The reported next director of the CDC is under scrutiny for how she led North Carolina's public health response to COVID-19, particularly the disconnect between her words and actions on risk level and school reopening.
Mandy Cohen, then-secretary of North Carolina's Department of Health and Human Services, went so far as threatening to sue a school district for rescinding one-size-fits-all quarantine policies in fall 2021, more than a year after publicly declaring schools are a trivial source of COVID spread.

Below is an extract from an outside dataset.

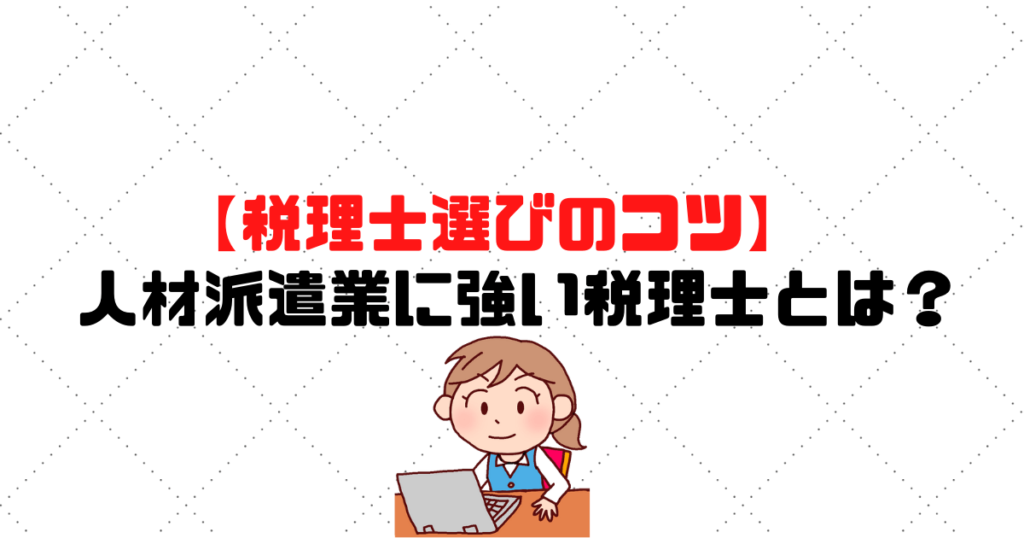 人材派遣業に強い税理士とは？【税理士選びのコツ】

Now executive vice president and CEO of Aledade Care Solutions, Cohen also suggested she had made decisions about COVID restrictions without independently evaluating scientific evidence.
Cohen would take over the Centers for Disease Control and Prevention as congressional Republicans and school reopening advocates continue to shine a harsh light on Director Rochelle Walensky's decisions and communications ahead of her scheduled June 30 resignation.
When one school district eased up on lengthy quarantines for "Close contacts" of students who tested positive for COVID the next school year, Cohen become more strident.
She conspicuously failed to mention hospitalization figures or her earlier assurances that children face low risk from COVID. The "StrongSchoolsNC Toolkit" provides for close-contact quarantine exemptions, including those who are "Fully vaccinated" or wear masks "Consistently and appropriately" after exposure, Cohen wrote.
Cohen kept recommending masks for "Everyone" seven months after the CDC changed its guidance to only recommend masking for people who were not fully vaccinated, former New York Times reporter Alex Berenson noted, calling Cohen "The worst possible person" to succeed Walensky.
Cohen didn't mention reviewing evidence before making decisions when asked about "State-to-state relations" at a Duke business school event in May 2022, several months after she left the job for Aledade.